Holocaust reality teaching - With the aim of "teaching history" a group of primary schoolchildren were left traumatised after their teacher told them they were to be taken away from their families during a bizarre Holocaust classroom 'game'.
Done by a Lanarkshire school "in order to give children an insight into the horrors faced by Jewish children" the lesson left many children some as young as eleven tearful and in hysterics.
Angry parents complained to authorities that they had not be consulted nor had any prior explanation been given to the children about the misguided exercise.
Children were told that those who were born in December to February had low IQ's and had to wear yellow hats and be sent to the library in an attempt to give the children a real feeling of the experience of Jews in wartime Europe.
This is true according to the Daily Mail which we have to assume is telling us the truth, which is sometimes difficult to believe given some stories they have reported recently. In fact one wonders whether our press might really be a great way of giving children experience of enemy propaganda as experienced by those in wartime Europe; except these days the enemy is not quite so clear-cut.
There is a lot to be said for teaching history by experience. In fact every weekend whole groups of grown up men and women in Britain dress up as Vikings, Saxons, Cavaliers, Roundheads and the Ermine Street Guard or the lost Legion of Rome, just for the joy of re-enacting history. Archaeologists regularly experiment with wattle and daub and various other ancient arts and crafts to find out how things were really done. Details are important. There have been TV programs where groups of middle-class suburbanites have been left to live as they did in the Iron Age and endure the privations of the elements and having to gather and kill one's own food. During all these periods death was the close neighbour of our ancestors. Furthermore there are few first hand accounts of everyday life. So, yes re-enactment is a useful way of experiencing history.
The worst part of the Scottish school's strange way of teaching children is that it is patronizing. It doesn't credit the kids with being able to imagine how things might have been. Experience isn't necessary for teaching about the horrors of the Holocaust.
With "joined-up" education one might have thought that increasing literacy and historical knowledge would go hand-in-hand. I can recommend many books on the Holocaust that could be read during literacy period and discussed during history classes. Ann Frank's diary is one.
Where human pain and the sheer horror of man's inhumanity to man are concerned our recorded history is full of examples and first hand accounts are bountiful and particularly those about the Holocaust can only augment our poor imagination of what it was like.

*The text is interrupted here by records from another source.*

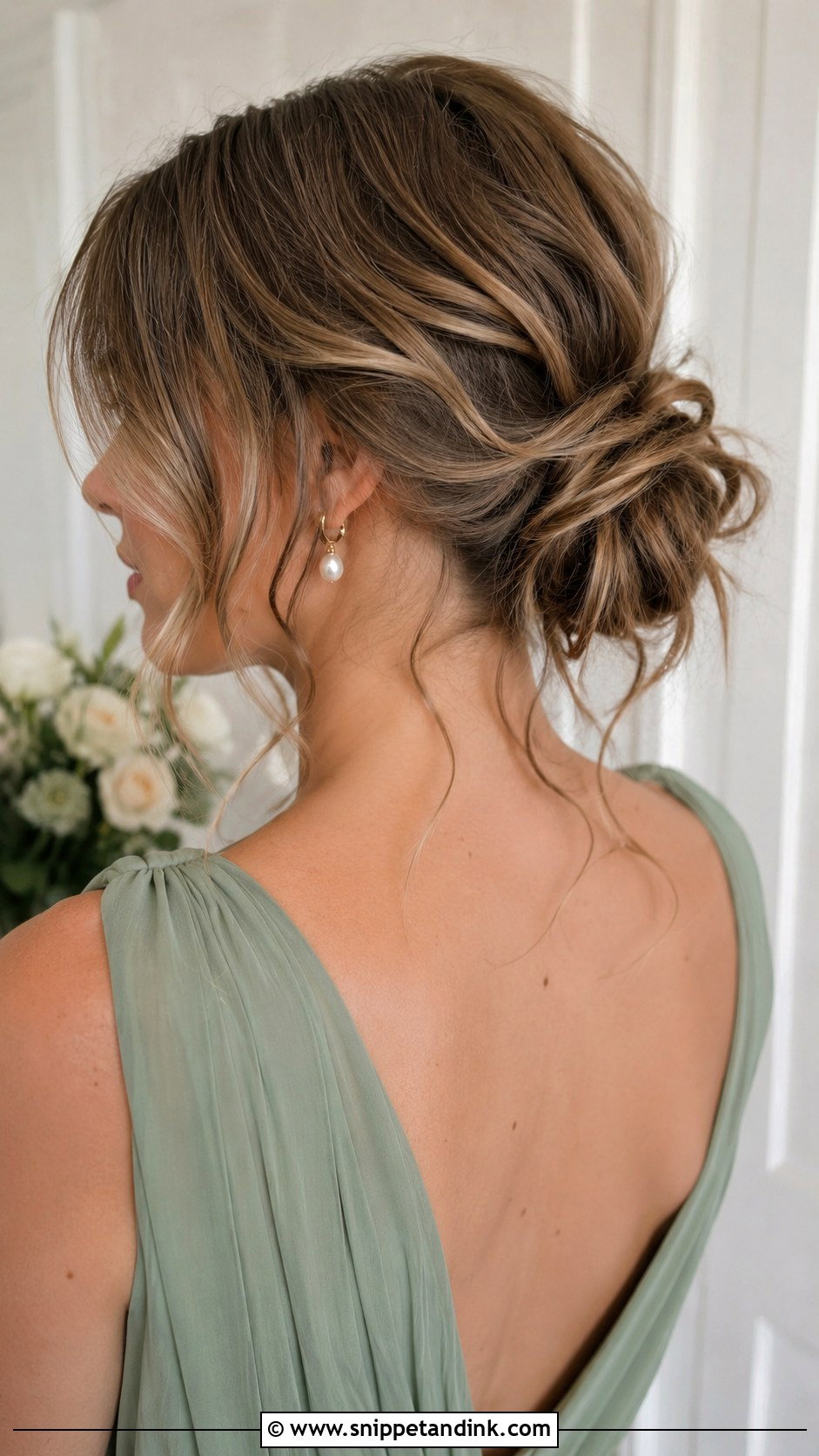 Messy Low Bun - Snippet and Ink - 25 Wedding Party Hairstyles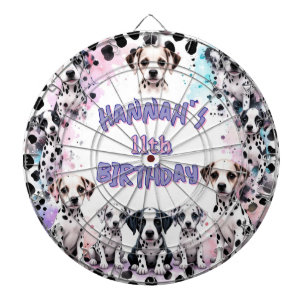 Dalmatian Dogs Purple Watercolor Birthday Party Dartboard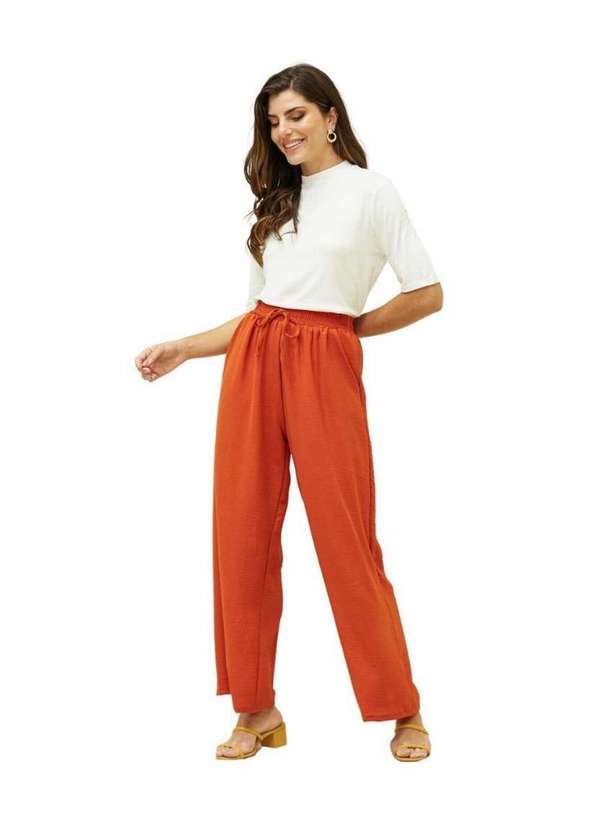 Calça Pantalona Feminina Tecido Duna com Elástico na Cintura Terracota -  Madame Geri
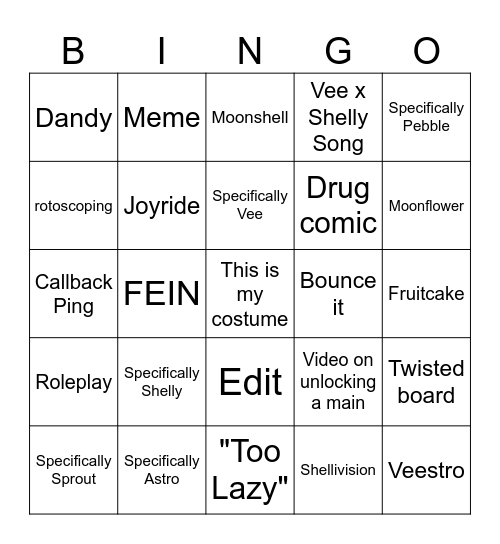 Dandys Compilation Bingo Card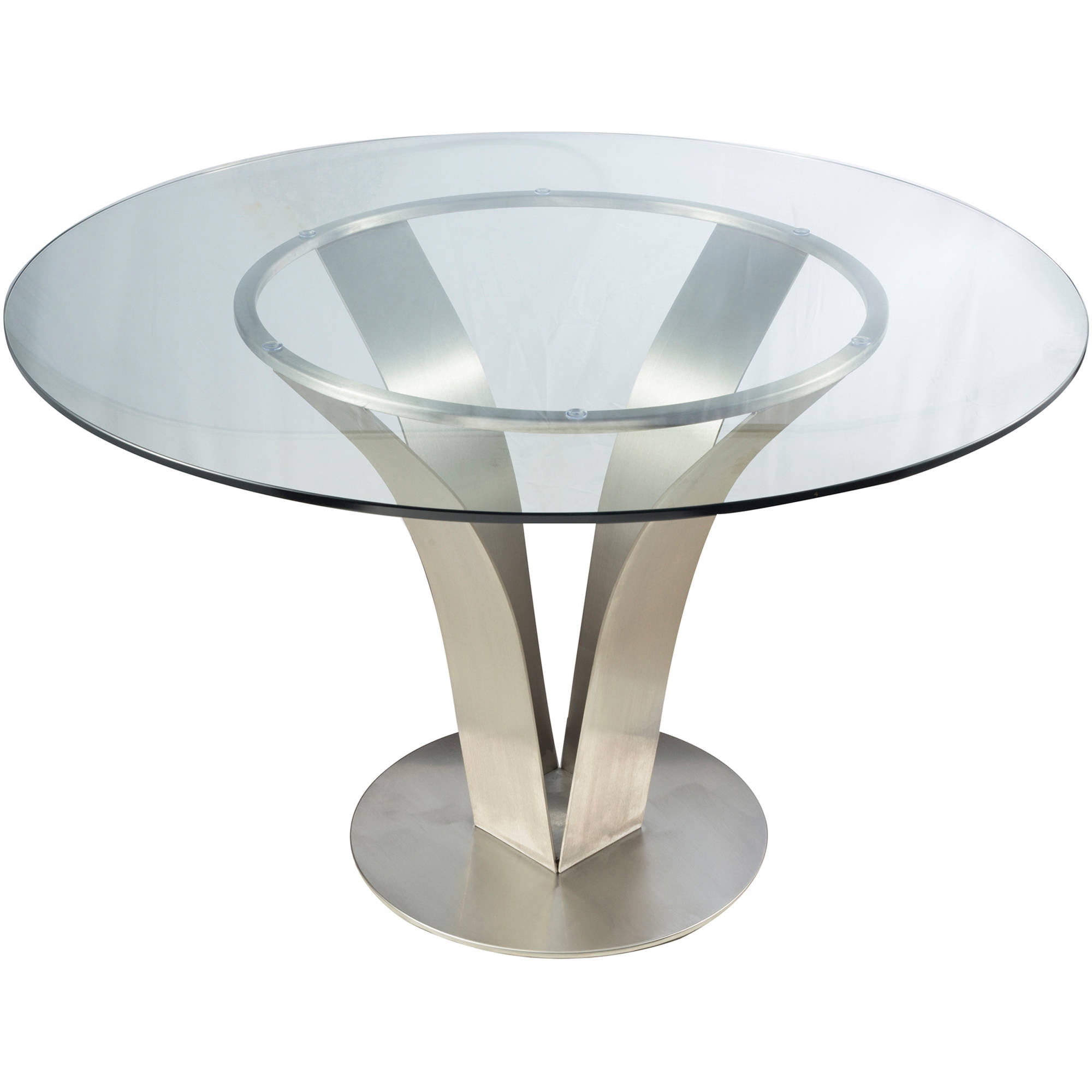 ARMEN LIVING Cleo Contemporary Dining Table, Stainless Steel With Clear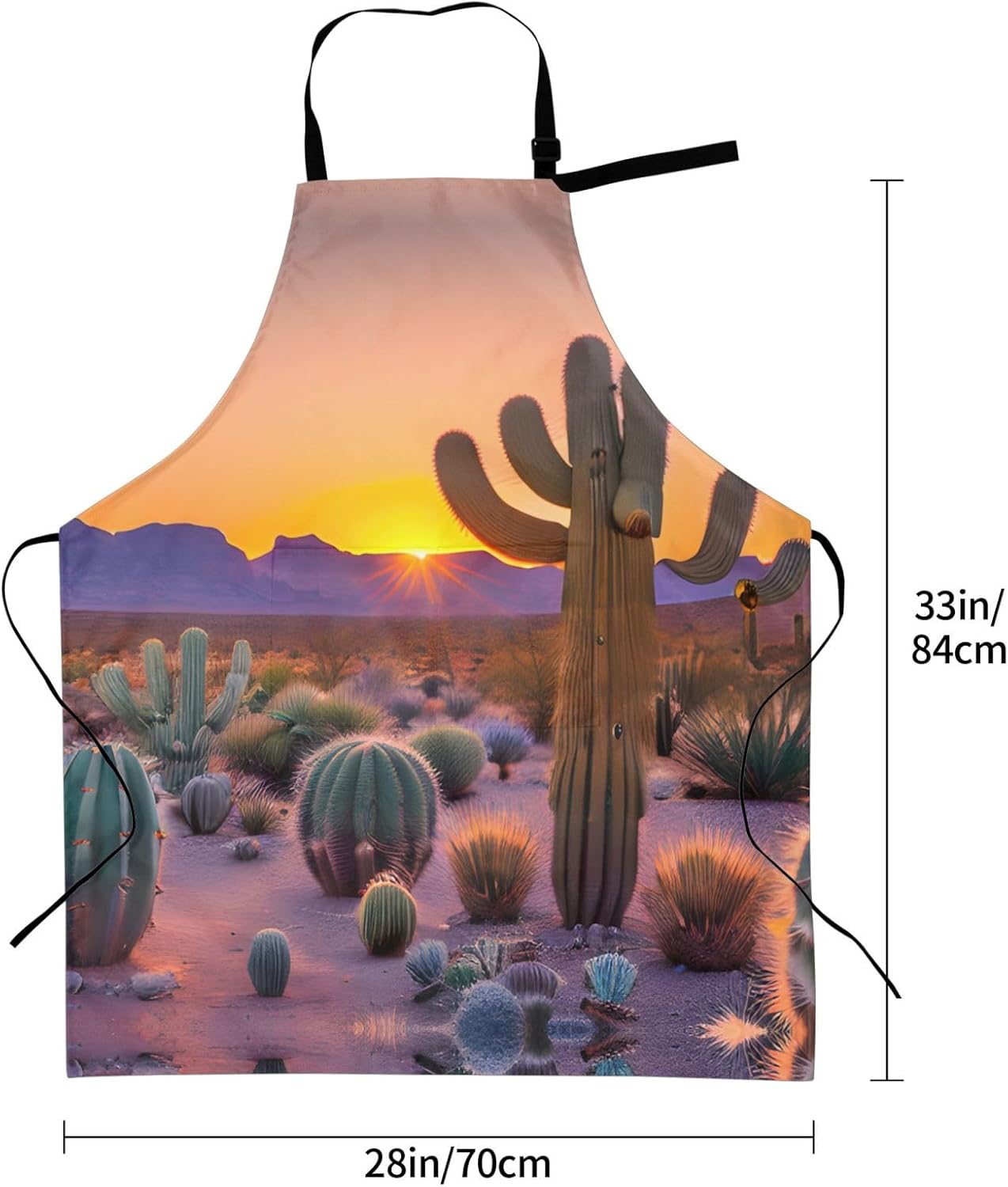 Cactus Desert Sunsets Print Laundry apron 28x33 In Waterproof Kitchen Apron with Pockets for Cooking Baking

So for those strange teachers in that Lanarkshire school I recommend the following to include in your staff discussions and lesson plans:
Firstly, part of a poem by Sudeep Pagedar which crystallises the teachers' dilemma:
Holocaust
by Sudeep Pagedar
How do you
explain that term
to a ten-
year old boy
who, one day,
hears it mentioned
by some relatives?
And even if
you do manage
to make him
understand what it
actually does mean,
do you also
tell him that
because he is
A GERMAN JEW,
perhaps, some day,
he might be
included in it...?
Or should he
just not be
told, so that
he remains calm
and doesn't lose
sleep over it?
Secondly here is a poem that you should discuss with your pupils it is short so their attention will not wander and it should not tax your abilities to inspire in their imaginations those dreadful events
Holocaust
by Barbara Sonek
We played, we laughed
we were loved.
We were ripped from the arms of our
parents and thrown into the fire.
We were nothing more than children.
We had a future. We were going to be lawyers, rabbis, wives, teachers, mothers.
We had dreams, then we had no hope.
We were taken away in the dead of night like cattle in cars, no air to breathe smothering, crying, starving, dying.

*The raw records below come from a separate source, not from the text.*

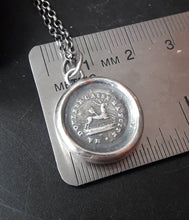 Load image into Gallery viewer, Pain causes me to flee, you wound me. Sterling silver oxidized pendant. Antique wax letter seal. Swalk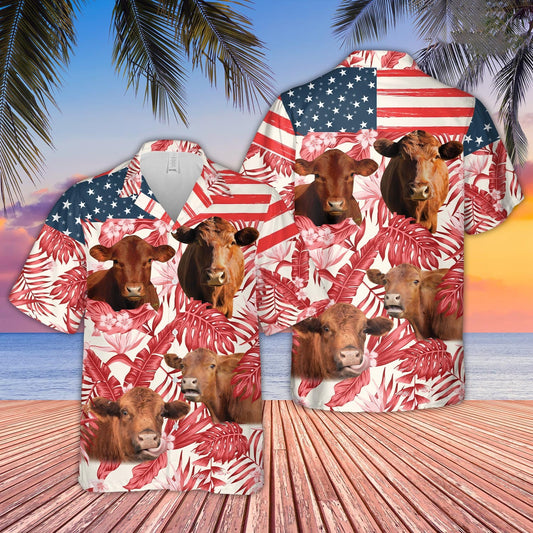 Unique Red Angus Red Floral US Flag 3D Hawaiian Shirt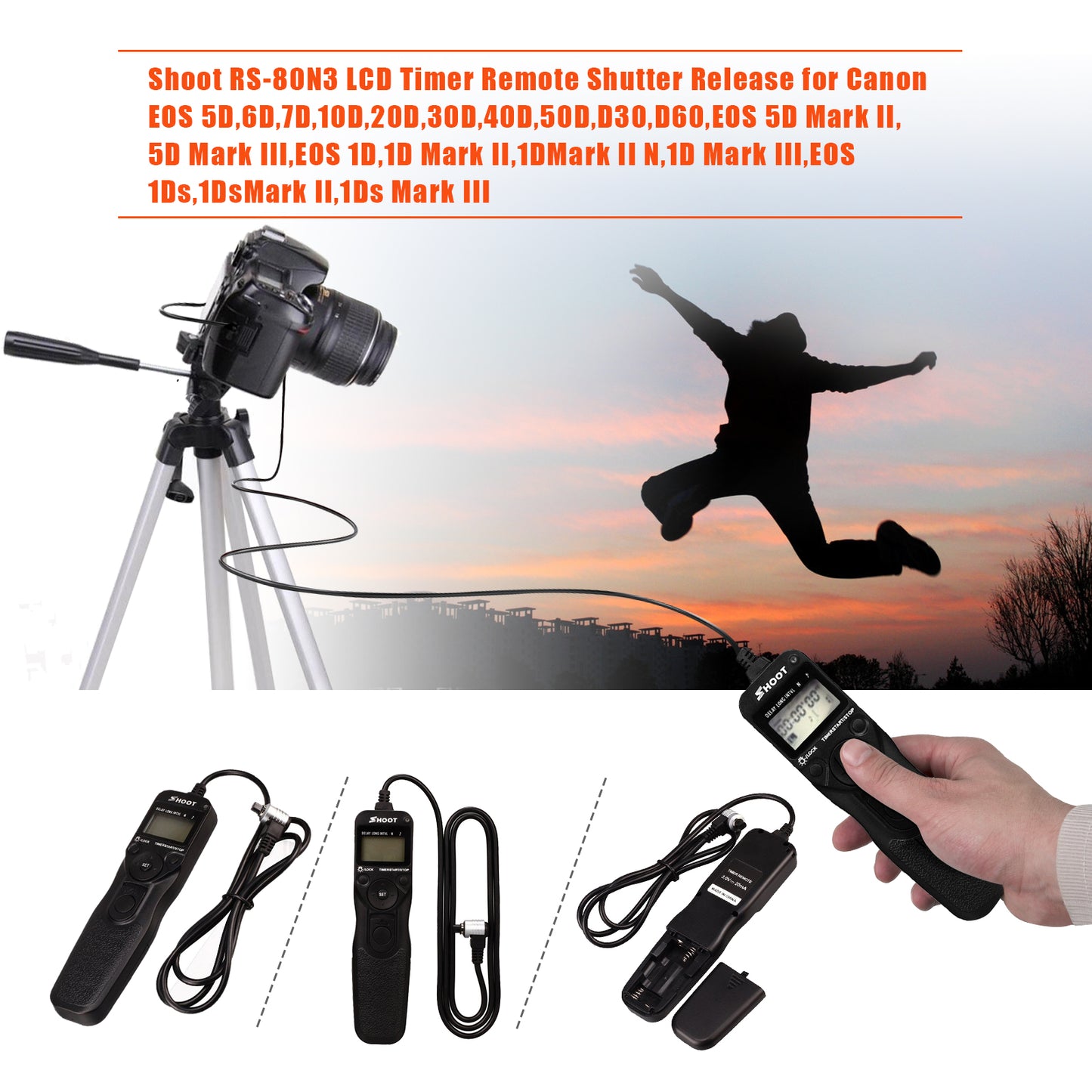 Shoot LCD Timer Remote Shutter Release RS-80N3 for Canon EOS 5D 6D 7D 20D 30D 40D 50D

Separated from the world to be no more.
From the ashes, hear our plea.
This atrocity to mankind can not happen again.
Remember us, for we were the children whose dreams and lives were stolen away.

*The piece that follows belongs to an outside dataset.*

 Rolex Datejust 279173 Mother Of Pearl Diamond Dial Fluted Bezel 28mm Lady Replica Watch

If this isn't enough for you then take them on a trip to Auschwitzt or at least hire a decent video about it.
Teachers please give your kids credit for being able to make more in their imaginations of what for anyone, even those who went through it can be only so poorly described in words. To make them live it for even fifteen minutes makes you no better than the guards who herded those Jewish children into the cattle trucks - and you are not even following orders.
The story above is a satire or parody. It is entirely fictitious.